### [Brief]
Your answer should be an exact copy of the lines from the one holding "Papier peint panoramique" to the end of the material below, pictures left out.

### [Given material]
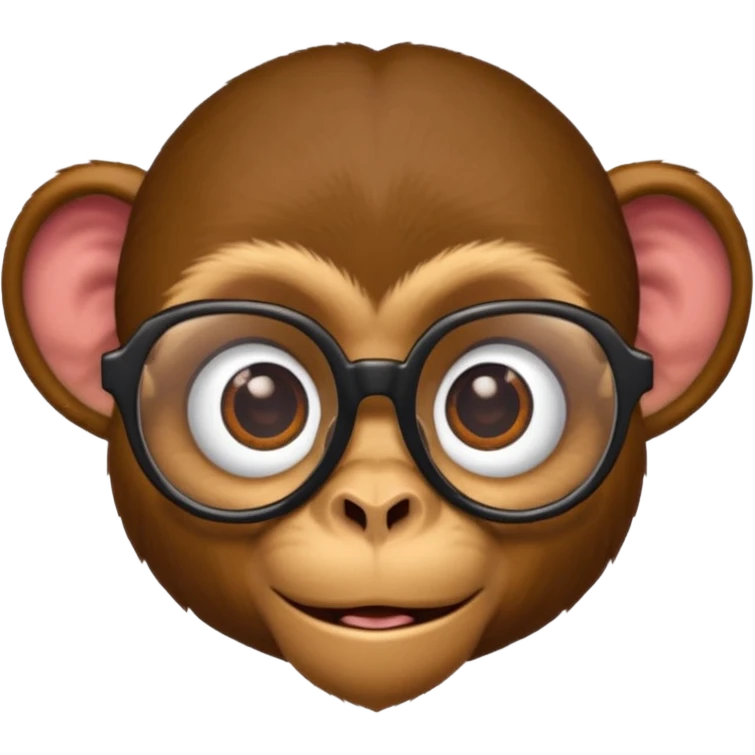 spider monkey with glasses emoji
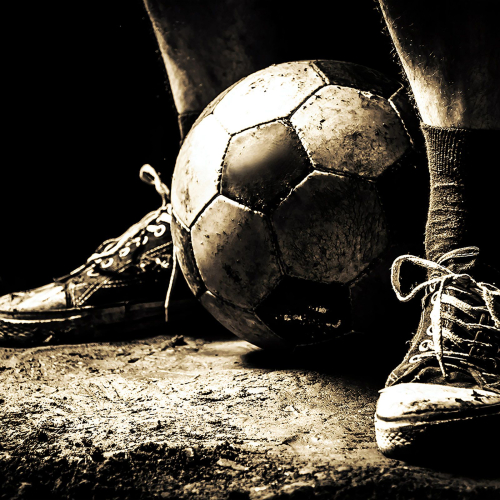 Papier peint panoramique Foot / Football - Ballon de foot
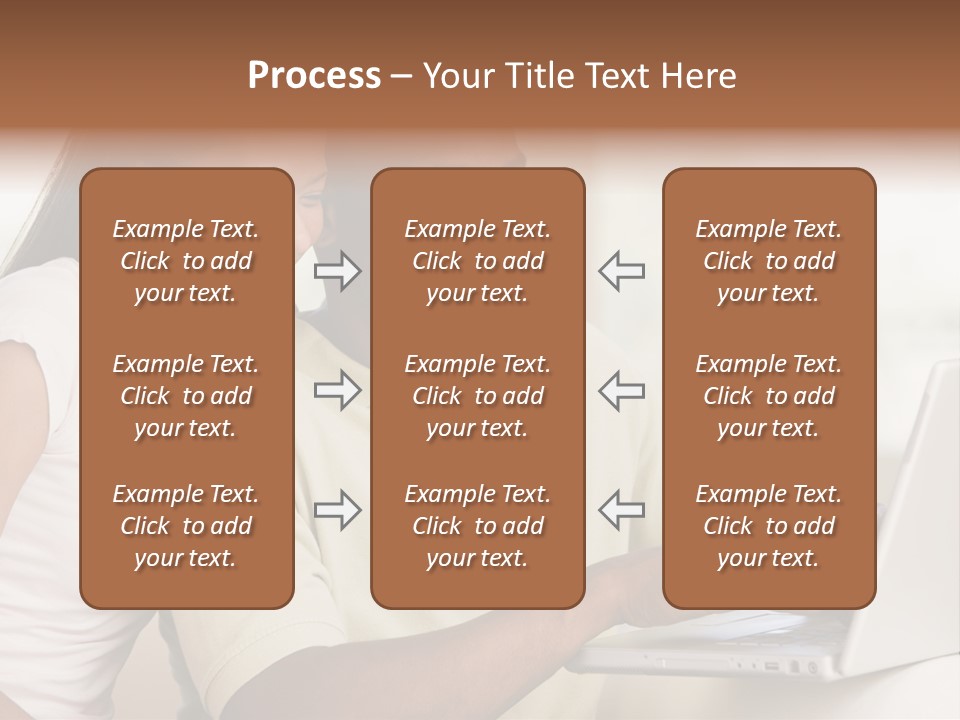 Couple In Living Room Using Laptop And Smiling PowerPoint Template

### [Reply]
 Papier peint panoramique Foot / Football - Ballon de foot
 Couple In Living Room Using Laptop And Smiling PowerPoint Template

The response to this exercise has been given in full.